Según estimaciones realizadas, el 1% de la población, la de ingresos
más elevados, que soporta
en la actualidad
el 21%
de la carga
fiscal, verá que ésta se le
reduce en el
43%,
mientras que al 20% de los contribuyentes
cuyas rentas anuales están por debajo
de trece mil dólares ahorrarán
tan sólo un
0,8% de
su gravamen.
Es lo
que suele ocurrir
cuando se rebaja
un impuesto progresivo como el de la
renta. La mayoría
de los contribuyentes
experimentan un cierto espejismo fiscal. Se quedan
satisfechos con las migajas que
les ha tocado
en el reparto
sin percatarse de que su
pequeño lucro privado ha sido
tan sólo el
pretexto para realizar enormes reducciones a las rentas altas;
y que ellos
pagarán después con creces, bien
con otros impuestos
o con la reducción de bienes y
servicios públicos, la nimia ventaja que obtienen en el momento presente.

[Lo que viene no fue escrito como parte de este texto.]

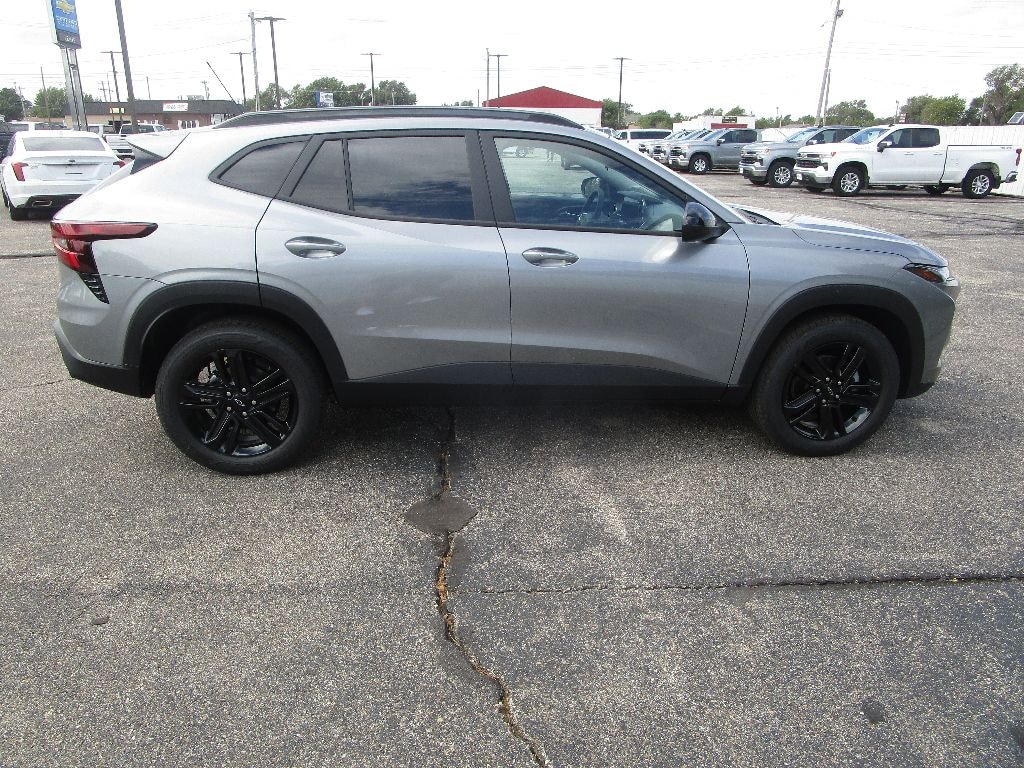 New 2025 Chevrolet Trax Activ SUV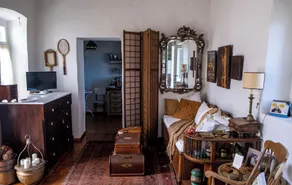 Architect's Elegant Traditional Village Home with Sea View - Image 2
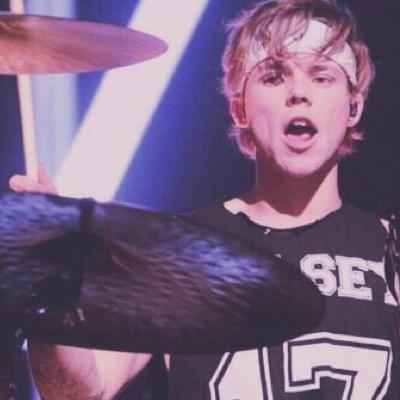|| 5sos af!¡! || vine - oKay calum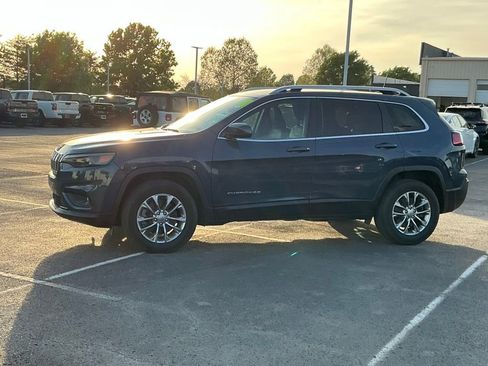 Used 2021 Jeep Cherokee Latitude Lux w/ Comfort/Convenience Group image 4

Especial significado, tiene sin duda, la
eliminación del impuesto de sucesiones, gravamen que incide en la línea de
flotación del sistema capitalista, y que impide que
la acumulación de la propiedad
no sea aún
mayor. Desde
las filas conservadoras
ha sido siempre
el tributo más odiado. En
los momentos actuales, en EEUU, este impuesto cuya escala va del
37% al 55%, afecta
cada año a
menos de 50.000
ciudadanos, los que fallecen
con un patrimonio
superior al millón de dólares.
Bush calcula que en
una década los millonarios ahorrarían con esta reforma
cerca de los
250.000 millones de dólares.
Lo curioso,
es que este
proyecto ha sido contestado desde las filas
de los propios
millonarios. Con anuncios en
la prensa, representantes de las grandes fortunas
han mostrado su rechazo y el
peligro que subyace en que
la herencia no sea corregida,
al menos parcialmente, con gravámenes fiscales. La explicación
de tan extraño
fenómeno radica en que el
liberalismo económico - desde Hayek y Von Misses a Fucuyama- , se ha pretendido legitimar haciendo referencia a los
méritos y a
la iniciativa privada. La
desigualdad es justa y necesaria porque
deriva del esfuerzo, del trabajo y de las diferentes
aptitudes. La riqueza es el
premio a la
labor bien hecha. La
pobreza el castigo a la
indolencia y pereza. La
institución de la herencia viene
a contradecir tan hermosa teoría.
Mucho habría
que comentar sobre esta idílica construcción
del liberalismo económico. La
igualdad de oportunidades
en las sociedades
actuales es sólo un bonito sueño. Existe una gran
diferencia entre nacer en Harlem o en la Quinta
Avenida, entre
estudiar en el arroyo o Harvard.
Pero, dicho esto, lo
cierto es que
el impuesto de sucesiones es de los
pocos instrumentos, pero instrumento
muy potente si se quiere
utilizar, para impedir la concentración
de la propiedad, y el
aumento de las desigualdades. Tienen razón
los firmantes del manifiesto cuando proclaman que la eliminación
de este gravamen
serviría para crear "una aristocracia de la riqueza que
trasmitirá a sus descendientes el control sobre los recursos de
la nación".
Sería - afirma uno de ellos-
como formar el equipo olímpico para los juegos
del 2020, eligiendo
a los primogénitos
de los medallistas del 2000.
Estos razonamientos
deberían también hacernos reflexionar en nuestro país. Tenemos un
impuesto de sucesiones sin apenas virtualidad y que quedó
casi anulado con la reforma
de 1998 sobre
las sociedades familiares. Y
tenemos algo más: la
monarquía. El hijo del
banquero será banquero, sean
cuáles sean sus aptitudes y cualidades,
y el hijo
del jefe del
Estado será jefe del Estado
al margen de
cualquier otra circunstancia. Viva la herencia.